Classe 1934, nato a Macerata, da padre toscano e madre marchigiana, come lui stesso ci spiega, ai disegni affida sin da giovanissimo la propria espressività. Il viaggio è sicuramente uno degli elementi che caratterizzano la sua vita, a partire dall’adolescenza, così come testimoniano quei continui riferimenti presenti nelle sue opere. Delle epoche che ha percorso nella sua vita, storiche e artistiche, Saloni ha fatto un bagaglio di conoscenze che si è unito a quello culturale. Tra i soggiorni di cui ci parla, quello del 1963, anno in cui si trasferisce a Milano, dove prosegue la sua attività di grafico e disegnatore umoristico per periodici fino al ritorno nella capitale nel 1967 dove viene a diretto contatto con il clima artistico degli anni, proseguendo il suo individuale percorso pittorico e dove realizza, nel corso degli anni diverse mostre.

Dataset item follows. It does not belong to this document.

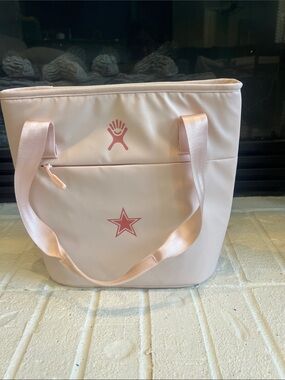 EUC Like new  Dallas Cowboys Hydroflask 8 L Insulated Lunch Tote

Sono viaggi che non prevedono l’incedere del tempo quelli che si aprono nelle opere di Saloni, nonostante di fronte ad ogni tela ci sembri impossibile non avvertire lo scorrere incessante delle lancette di un orologio. I soggetti, molto spesso ludici protagonisti che si sostituiscono ai modelli reali, sono al tempo stesso oggetto e artefici del reiterarsi del gioco della vita. È il loro sguardo, solo apparentemente assente, ad indicarci la natura effimera di ciò che è materiale.
Numerosi i riferimenti alla storia dell’arte e alla letteratura che si affiancano a frequenti rimandi simbolici che sottendono profonde riflessioni sulle contraddizioni dell’esistenza, ma anche sui suoi punti fermi e sulle sue possibilità. Le maschere, gli aquiloni, le parole si sovrappongono ai significati che in queste opere si susseguono per dar vita a quelle favole di colore e forme in cui l’essere umano diviene un elemento di passaggio in un mondo che conserva la sua vera e solida natura.
Il silenzio non è mai indice di un’interruzione definitiva, suggerisce invece un’attesa, il ritorno, una presenza non visibile. È la tela che prevede l’ingresso dei suoi personaggi in quelle novelle che raccontano un tempo della fantasia, quello in cui la giovinezza lascia spazio alla maturità. È l’incontro della realtà con l’immaginazione che viaggia su treni che percorrono cieli nei quali è sempre presente il sole. Di carta, sorridente, ironico, spesso solo attento osservatore di un mondo immerso in un silenzio apparente in cui vivono manichini e bambole il cui sguardo è rivolto verso un tempo infinito. Quello del gioco, dell’arte, della vita.